Goh, Singapore’s former prime minister, said that the city could play a primary role in facilitating yuan-denominated trade between China and the countries of Southeast Asia and India.
 
The Straits Times said the designated Chinese bank for clearing yuan trades in Singapore was likely to be either Bank of China (3988.HK) (601988.SS) or Industrial and Commercial Bank of China (ICBC) (1398.HK).
 
The Business Times newspaper noted ICBC recently set up a yuan-processing centre in Singapore for Southeast Asia. ICBC is lobbying hard to become the yuan clearing bank for Singapore, a source told Reuters.
 
Singapore is Asia’s trading hub for many of the commodities that China imports.
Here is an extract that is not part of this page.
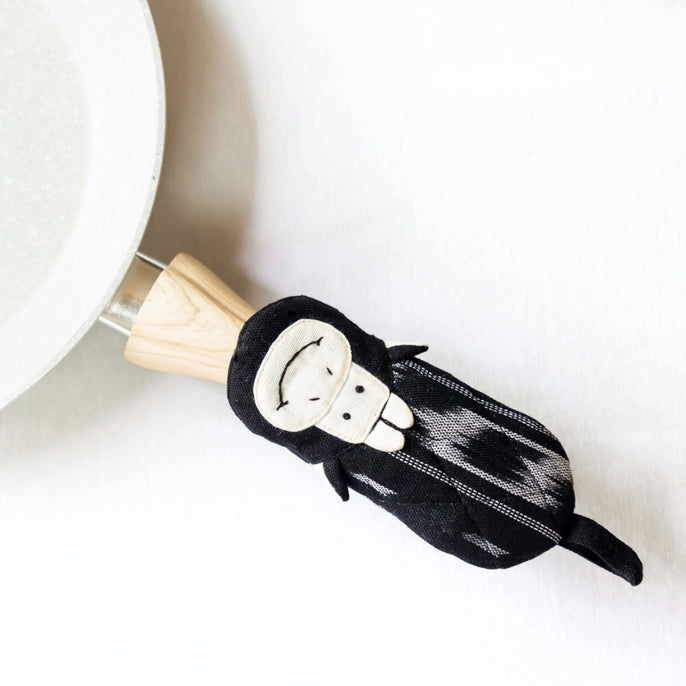 cow skillet handle holder with wooden handle on a white background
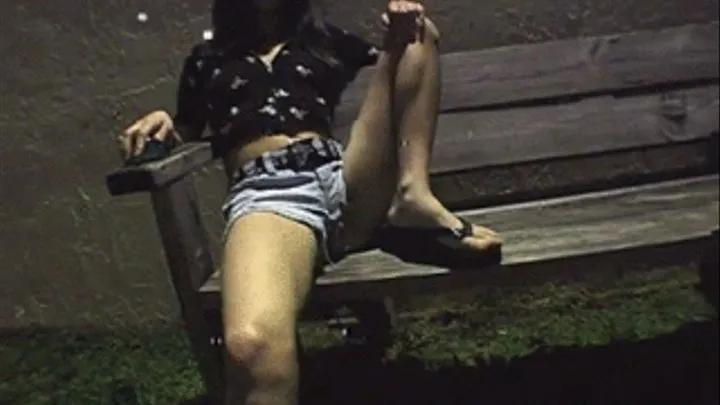 Dark hair babe smoking cigarette outside at night on bench Format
More than 3,000 mainland firms operate in the city and the offshore arm of China’s CITIC Bank (0998.HK) (601998.SS) said recently it saw great potential for developing a yuan business in Singapore.
 
The city-state is also the world’s fourth largest forex trading centre, behind New York, London and Tokyo but ahead of Hong Kong and Sydney.
 
While there is no official data on the amount of yuan deposits held in Singapore, the city-state’s three big lenders DBS (DBSM.SI), Oversea-Chinese Banking Corp (OCBC.SI) and United Overseas Bank (UOBH.SI), all offer yuan deposits.
 
Singapore is also Asia’s biggest hub for private banking and investors have access to several funds that invest yuan-denominated bonds as well as shares listed on the Shanghai and Shenzhen exchanges.
 
Separately, a HSBC (HSBA.L) spokeswoman in Singapore told Reuters the bank has to-date raised over 1.5 billion yuan in yuan deposits in the Southeast Asia city-state.
 
Hong Kong currently dominates the offshore yuan market, thanks to large pool of 408 billion yuan of deposits in the territory as of February and the slew of yuan-denominated bonds issued in Hong Kong by Beijing and various Chinese firms.